Supplied records START

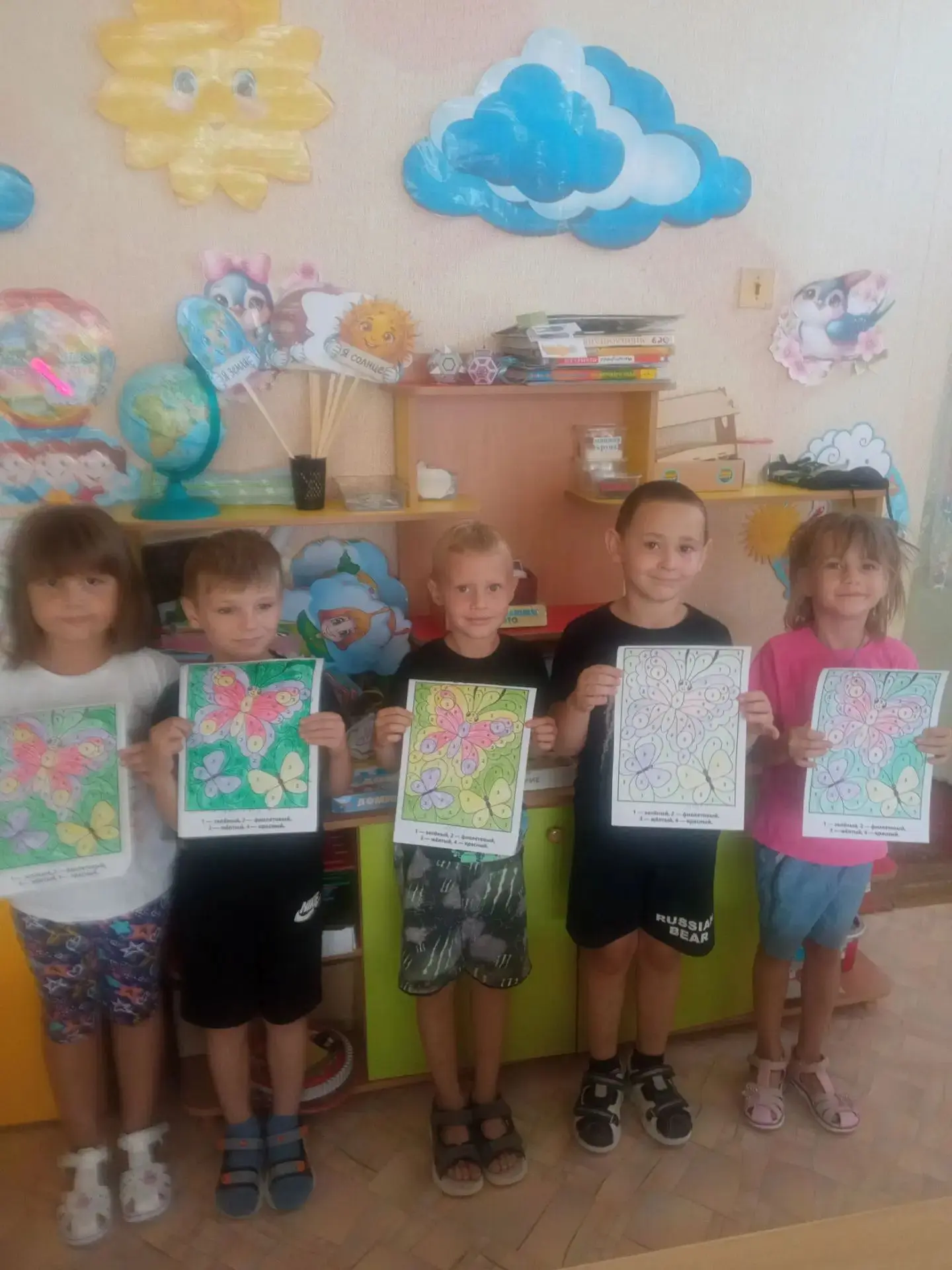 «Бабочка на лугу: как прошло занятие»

Supplied records END
Supplied records START

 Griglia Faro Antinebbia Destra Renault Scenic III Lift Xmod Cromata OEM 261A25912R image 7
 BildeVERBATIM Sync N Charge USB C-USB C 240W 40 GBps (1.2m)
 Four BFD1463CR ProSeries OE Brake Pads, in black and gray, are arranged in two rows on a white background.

Supplied records END

Task prompt: Reproduce word for word the material above, beginning with the line that contains "BildeVERBATIM Sync N" and ending with the line that contains "Four BFD1463CR ProSeries".

Solution to this task:
 BildeVERBATIM Sync N Charge USB C-USB C 240W 40 GBps (1.2m)
 Four BFD1463CR ProSeries OE Brake Pads, in black and gray, are arranged in two rows on a white background.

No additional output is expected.